# Work task:
What is needed is a verbatim copy of every record below, with the pictures left out.

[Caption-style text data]
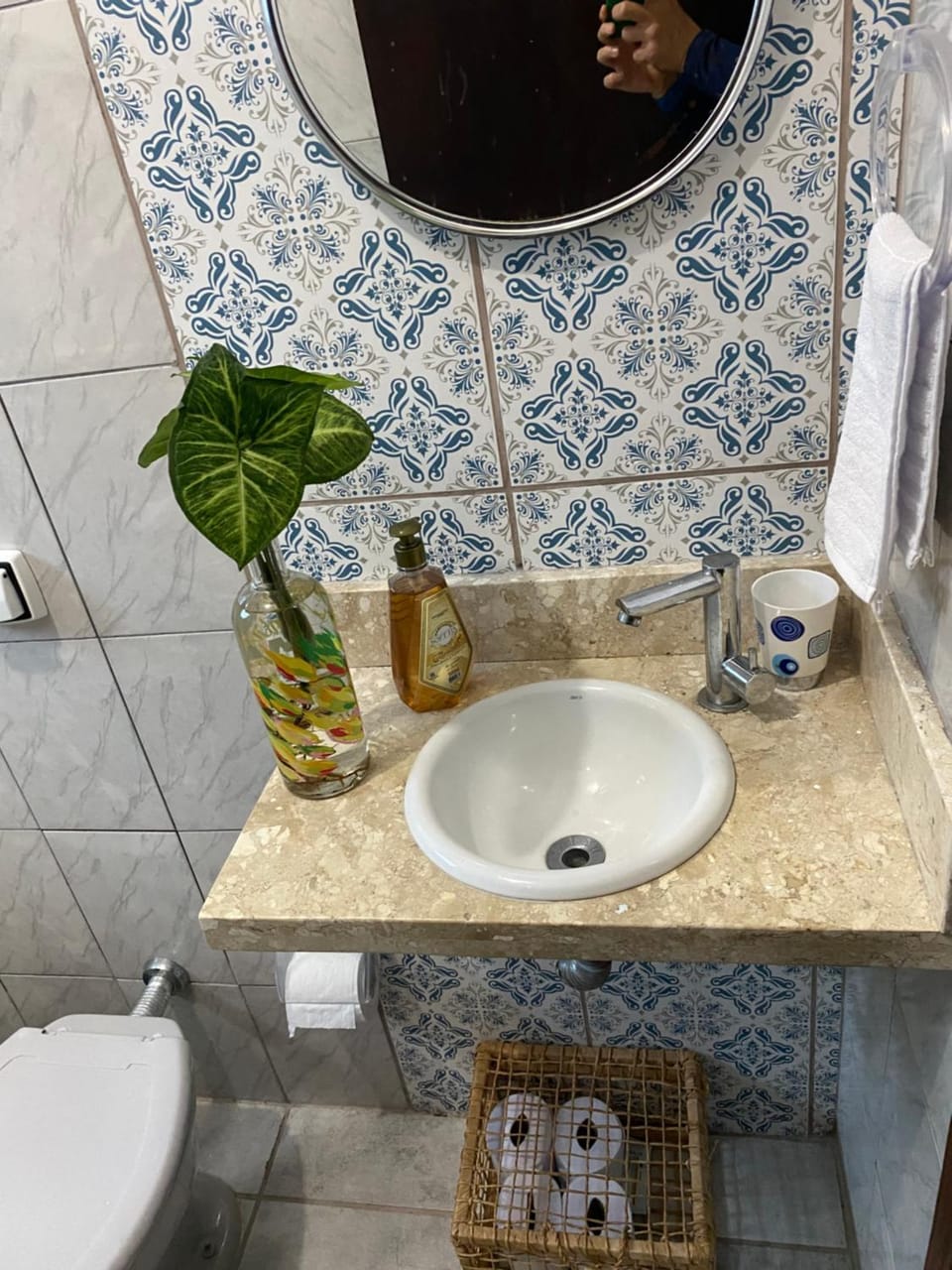 Bathroom, Internal: Not applicable to any particular room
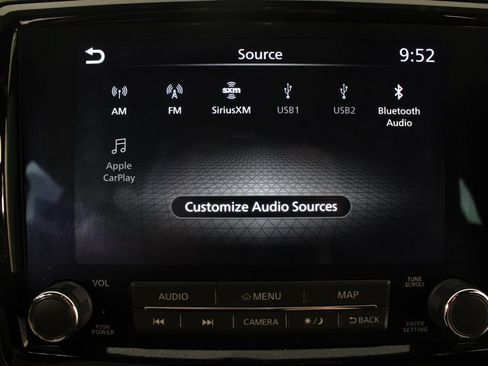 Used 2024 Nissan Frontier PRO-4X w/ Technology Package AWD/4WD image 5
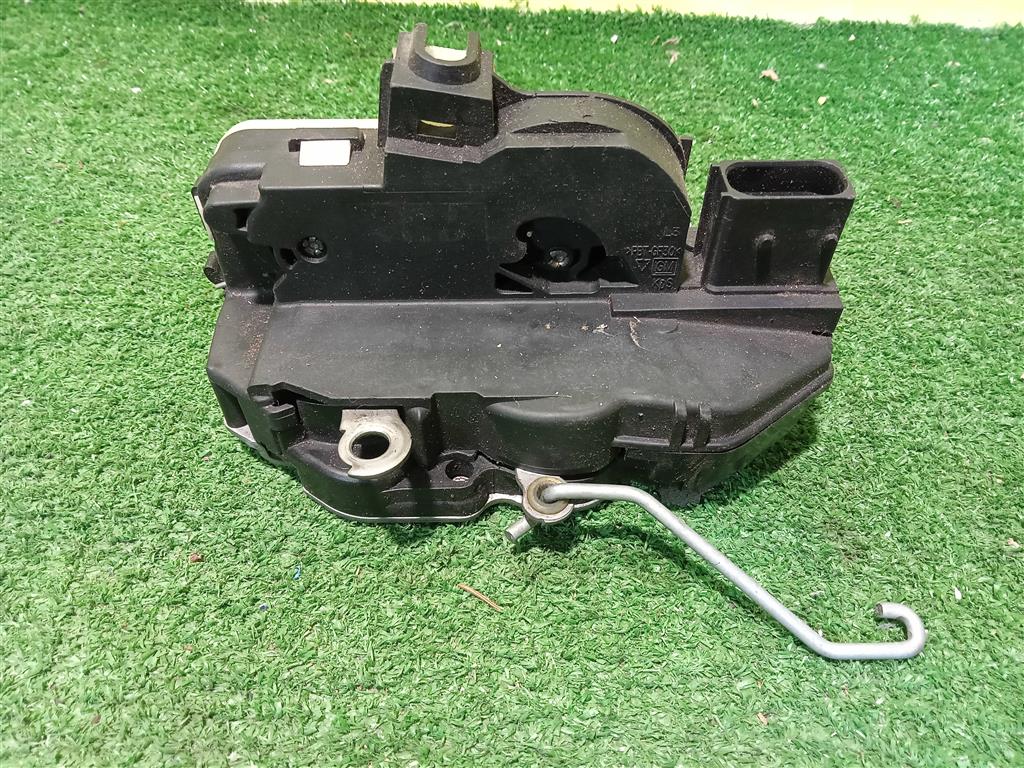 Chevrolet Aveo (T300) 2011 для Замок двери задней левой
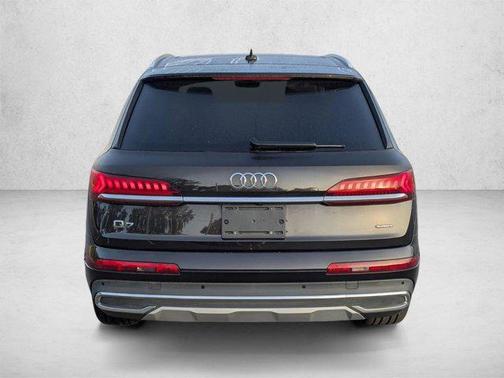 Tamarind Brown Metallic 2024 Audi Q7 45 Premium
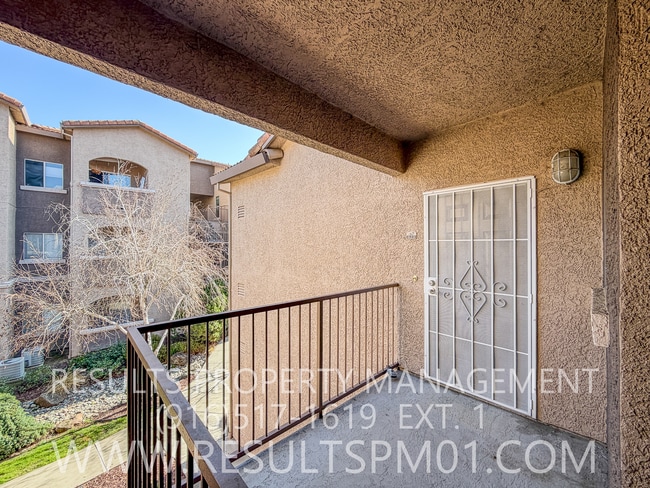 Building Photo - 1 Bed 1 Bath Roseville Condo with Attached Garage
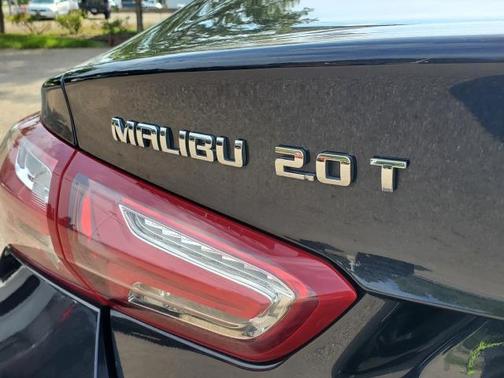 2022 Chevrolet Malibu FWD Premier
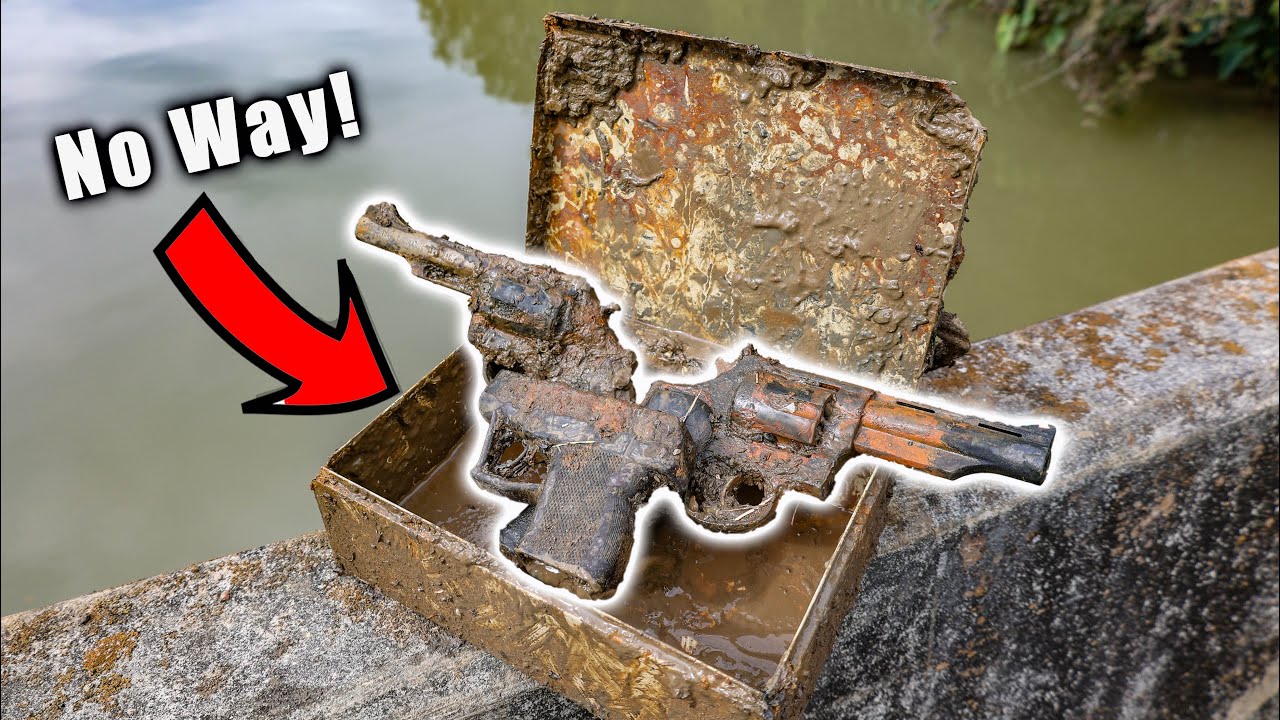 I FOUND A STOLEN CASH BOX IN THE RIVER - The Ultimate Criminal Dumping Grounds Discovered!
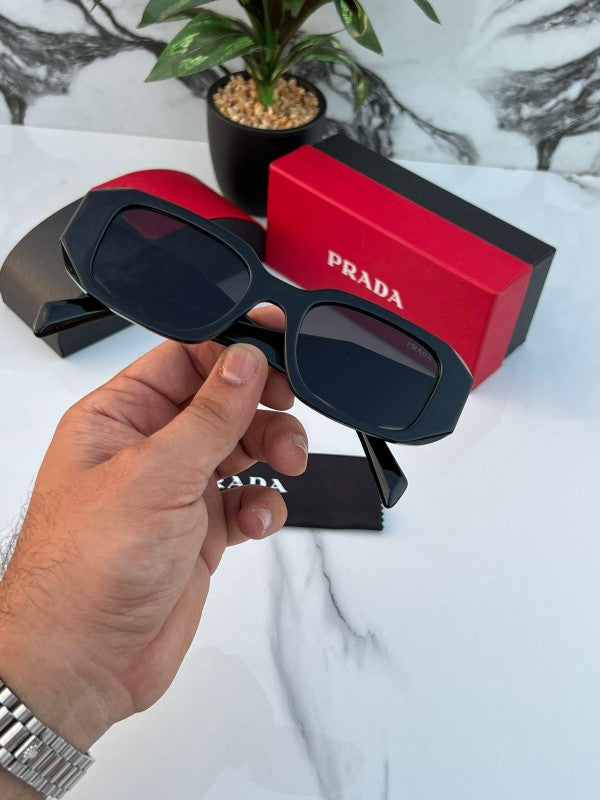 Prada Milano Black & Black  Unisex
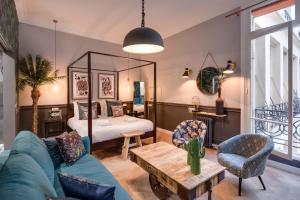 The Royal Elysée Suite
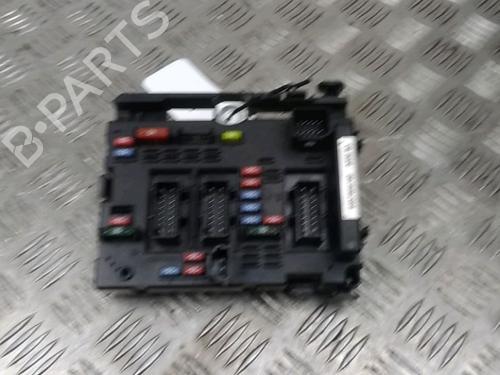 Used Fuse box Fuse box PEUGEOT 206+ (2L_, 2M_) 1.4 HDi eco 70 (68 hp) 13404129 13404129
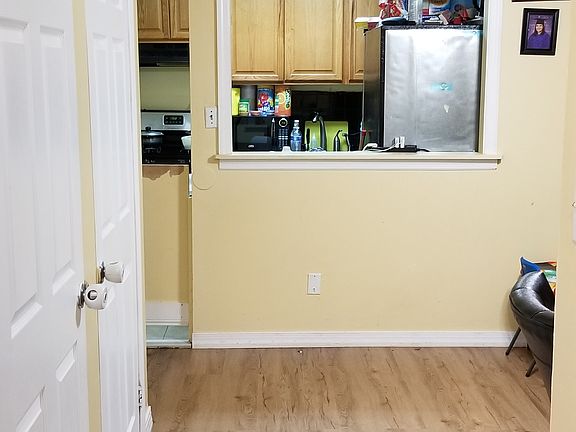 5th image of 315 W 232nd St APT 5M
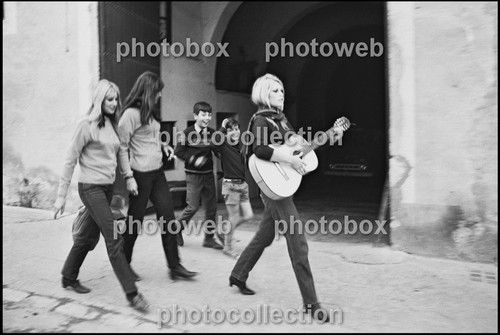 Brigitte bardot exclusive - -,
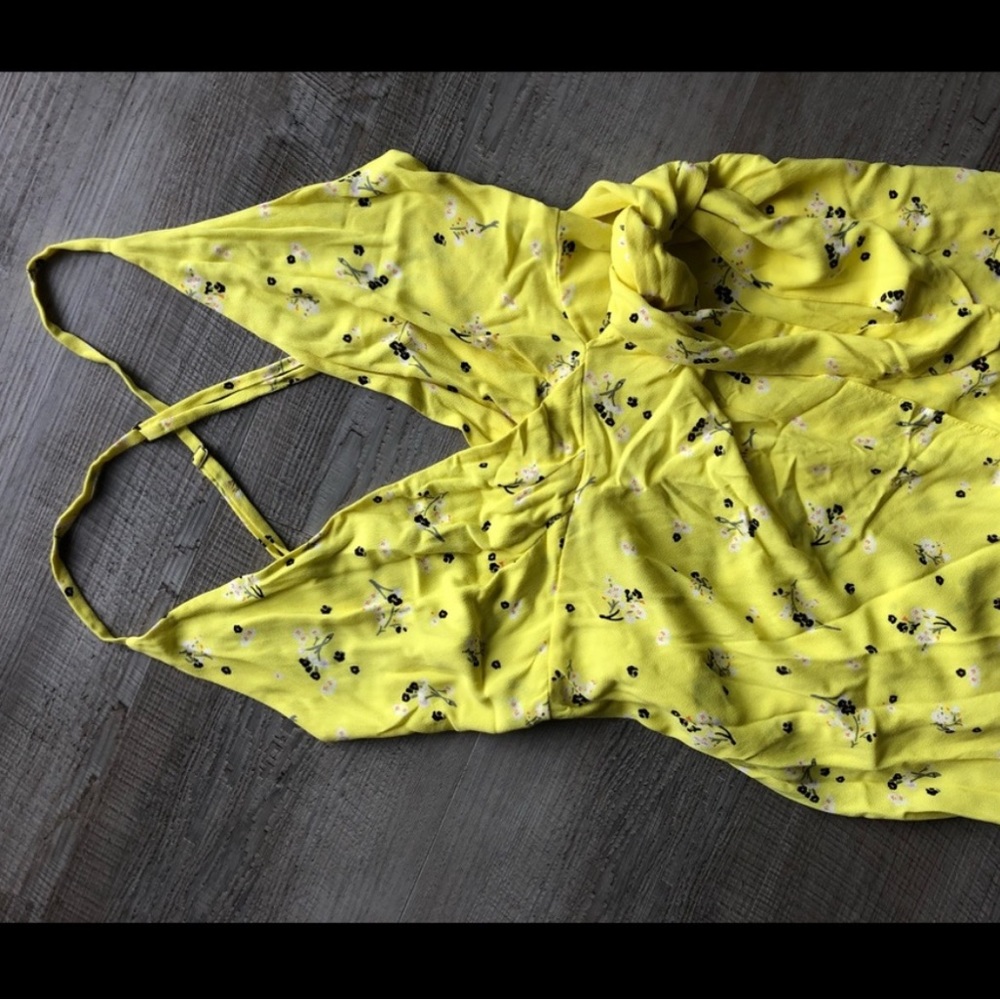 Free people romper size 4 💛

# Solved problem:
 Bathroom, Internal: Not applicable to any particular room
 Used 2024 Nissan Frontier PRO-4X w/ Technology Package AWD/4WD image 5
 Chevrolet Aveo (T300) 2011 для Замок двери задней левой
 Tamarind Brown Metallic 2024 Audi Q7 45 Premium
 Building Photo - 1 Bed 1 Bath Roseville Condo with Attached Garage
 2022 Chevrolet Malibu FWD Premier
 I FOUND A STOLEN CASH BOX IN THE RIVER - The Ultimate Criminal Dumping Grounds Discovered!
 Prada Milano Black & Black  Unisex
 The Royal Elysée Suite
 Used Fuse box Fuse box PEUGEOT 206+ (2L_, 2M_) 1.4 HDi eco 70 (68 hp) 13404129 13404129
 5th image of 315 W 232nd St APT 5M
 Brigitte bardot exclusive - -,
 Free people romper size 4 💛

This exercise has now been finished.